Grandmaison und Maigret hatten schon auf die Ankunft von Madame Grandmaison gewartet, die aus Caen nach Ouistreham kommen sollte (oder wollte). Indes sie kam nicht, sondern nur der Chauffeur, der berichtete, dass der Madame während der Autofahrt schlecht wurde und sie deshalb an einer Kreuzung ausgestiegen war. Stutzig wird man als Leser vielleicht, wenn man hört, wo die Madame ausstieg.
Letztlich hat Maigret Glück gehabt, er war durch Calvados und Schiedam schon ein wenig aufgewärmt. Aber in einer stürmischen Nacht verschnürt auf einer Mole abgelegt zu werden, gehörte sicher nicht zu den beruflichen Highlights des Kommissars. So war es Glück, dass ein Fischer vorbeikam und den Kommissar entschnürte, auch wenn er skeptisch war. Hier haben wir einen Blick auf den Fischereihafen von Ouistreham.

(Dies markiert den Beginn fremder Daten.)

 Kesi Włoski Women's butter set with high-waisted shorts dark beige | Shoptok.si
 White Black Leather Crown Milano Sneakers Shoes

Der Kommissar ist ein wenig frustriert. Da steht er vor dem Bürgermeister, Fabrikanten und Seemann und jeder von ihnen könnte Dreck am Stecken haben, nur nachweisen kann er ihnen das nicht. So kommt der Schluss: »Juristisch belangen konnte man keinen von ihnen!«. Also Krimi-Leser und -Gucker denkt man sich an der Stelle: »Moment mal! Was ist denn mit dem ältesten Polizisten-Trick der Welt? Kennt Maigret den nicht?«
Der Wirt aus dem Hôtel de l'Univers war ein aufmerksamer Zeitgenosse, der seinen Gast – Maigret – darauf hinwies, dass Julie sich gerade auf einen Spaziergang machte. Das Wetter war dafür nicht ideal, und Spaziergang ist vielleicht nicht das richtige Wort, denn sie »eilte«. Als Ortskundiger konnte der Wirt auch fundierte Vermutungen äußern, wo das Dienstmädchen hin möchte. Maigret ist interessiert und folgt.

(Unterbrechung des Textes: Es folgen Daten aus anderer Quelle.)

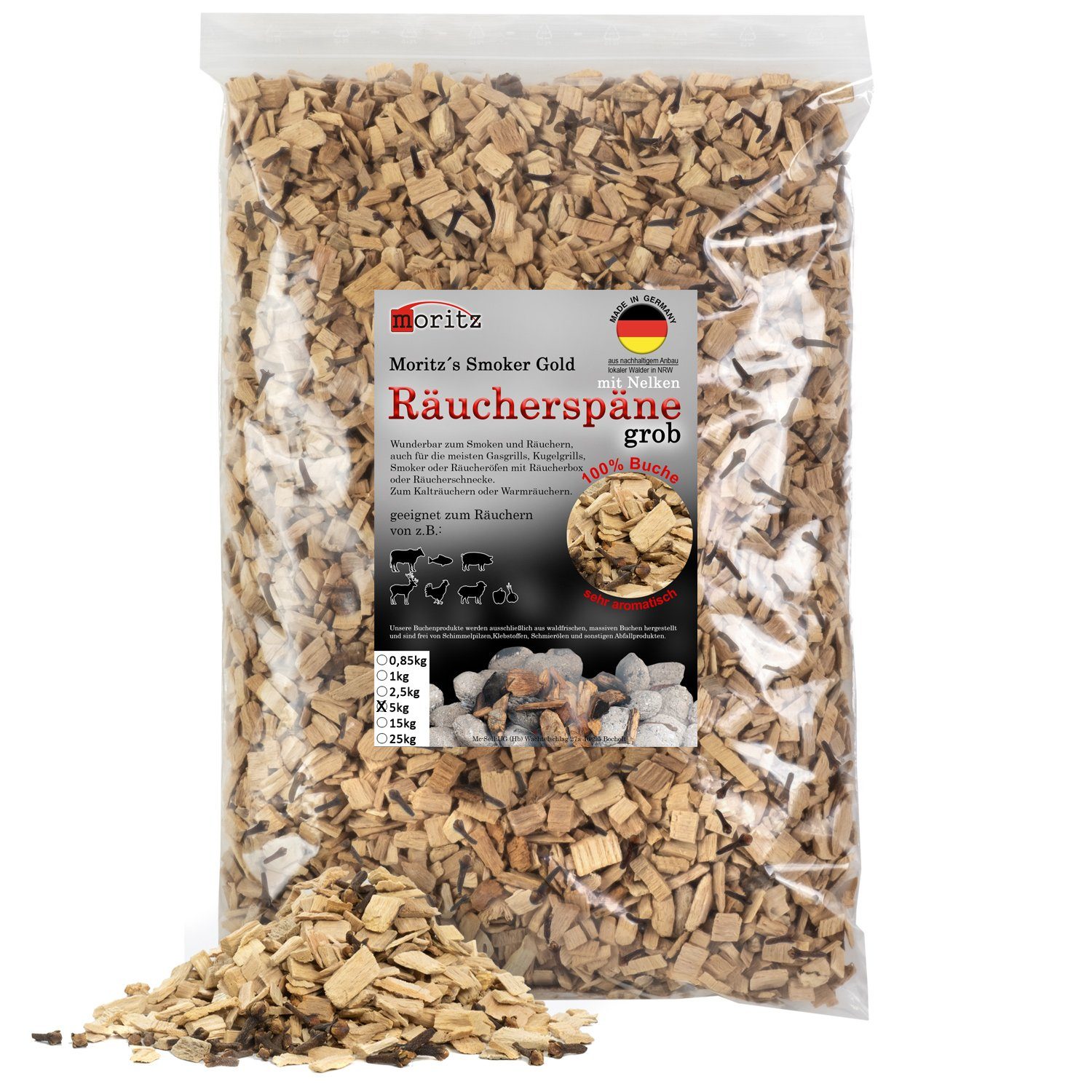 Moritz Räucherbox 5kg Räucherspäne Buche mit Nelke grob 6 -12 mm zum smoken, räuchern/kalträuchern von Fleisch, Fisch, Gemüse geeignet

Erstaunlich ist der Komfort-Zuwachs beim Telefonieren über die letzten hundert Jahre. Wenn man sich überlegt, dass man früher durch die Strippe des Telefonapparates fixiert war; das davor nicht jeder einen Telefonanschluss hatte und noch ein wenig früher man das Gespräch immer vermittelt bekommen musste, ist das heutzutage schon toll, dass man an fast jeder Ecke telefonieren kann. Es hat nichts Exotisches.
Schon für damalige Verhältnisse war Ouistreham einen Katzensprung von Caen entfernt. Ein Verdächtiger machte sich von dem Hafenort aus mit dem Fahrrad auf den Weg nach Caen und sollte für die zwölf Kilometer etwa eine halbe Stunde gebraucht haben. Für den öffentlichen Nahverkehr gab es vielleicht Busverbindungen, obwohl davon nicht die Rede ist, sondern eine Kleinbahn. Diese fuhr nur tagsüber.
Riskiert man einen Blick auf die Karte und betrachtet sich Ouistreham, stellt man schnell fest, dass – wie es Simenon beschrieben hat – der Ortskern auf der einen Seite des Kanals liegt und der Leuchtturm auf der anderen. Deshalb musste der Kommissar auf seinem Weg zwischen dem Tatort und der Kneipe beziehungsweise des Hotel über die Schleuse marschieren. Das ist heute noch nachvollziehbar.
Grande Rue. Mitten in Ouistreham. In der Geschichte wird nicht erwähnt, dass Maigret in der Grande Rue gewesen wäre. Ich hätte jetzt noch nicht einmal herausgelesen, dass Maigret beim Bürgermeister-Amt oder bei der örtlichen Polizei gewesen wäre, die sich beide am Ende der Straße befinden. Dann hätte er zumindest einen kleinen Blick in die große Straße werfen können. Eigentlich schade.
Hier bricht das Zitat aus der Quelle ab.